*** DATA FOR PROCESSING Section Begins ***

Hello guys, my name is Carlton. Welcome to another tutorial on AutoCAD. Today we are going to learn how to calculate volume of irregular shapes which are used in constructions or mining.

*** DATA FOR PROCESSING Section Ends ***
*** DATA FOR PROCESSING Section Begins ***

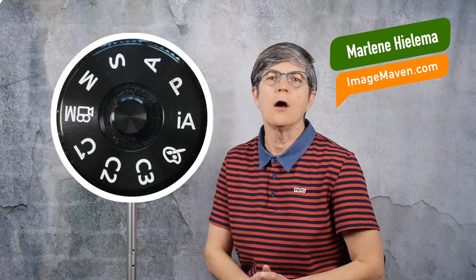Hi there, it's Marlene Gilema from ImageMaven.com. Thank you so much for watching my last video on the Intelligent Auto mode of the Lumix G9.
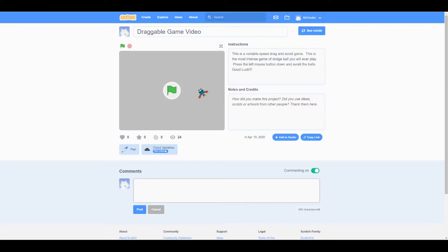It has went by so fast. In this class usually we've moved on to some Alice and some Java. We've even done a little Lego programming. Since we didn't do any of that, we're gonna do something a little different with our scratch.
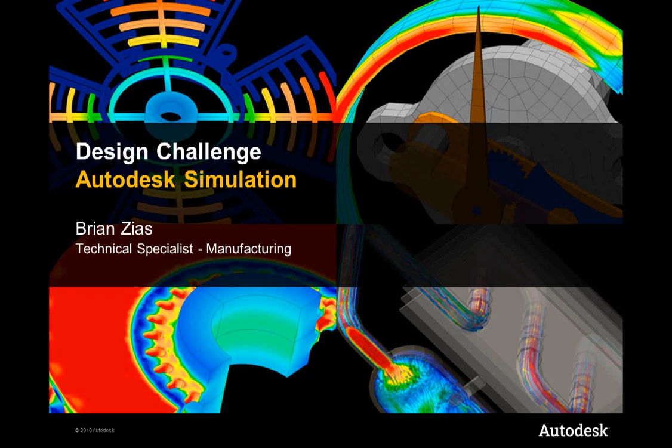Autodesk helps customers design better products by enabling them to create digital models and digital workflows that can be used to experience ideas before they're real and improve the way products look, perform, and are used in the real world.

*** DATA FOR PROCESSING Section Ends ***
*** DATA FOR PROCESSING Section Begins ***

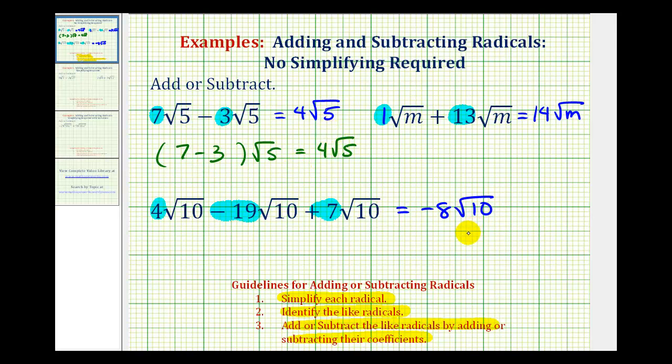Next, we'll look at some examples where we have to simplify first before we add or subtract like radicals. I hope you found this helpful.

*** DATA FOR PROCESSING Section Ends ***

◆ **EXERCISE DESCRIPTION**
Above are records; repeat only the lines from the line with "Hi there, it's" through the line with "Autodesk helps customers", and leave pictures out.

◆ **RESPONSE AREA**
Hi there, it's Marlene Gilema from ImageMaven.com. Thank you so much for watching my last video on the Intelligent Auto mode of the Lumix G9.
It has went by so fast. In this class usually we've moved on to some Alice and some Java. We've even done a little Lego programming. Since we didn't do any of that, we're gonna do something a little different with our scratch.
Autodesk helps customers design better products by enabling them to create digital models and digital workflows that can be used to experience ideas before they're real and improve the way products look, perform, and are used in the real world.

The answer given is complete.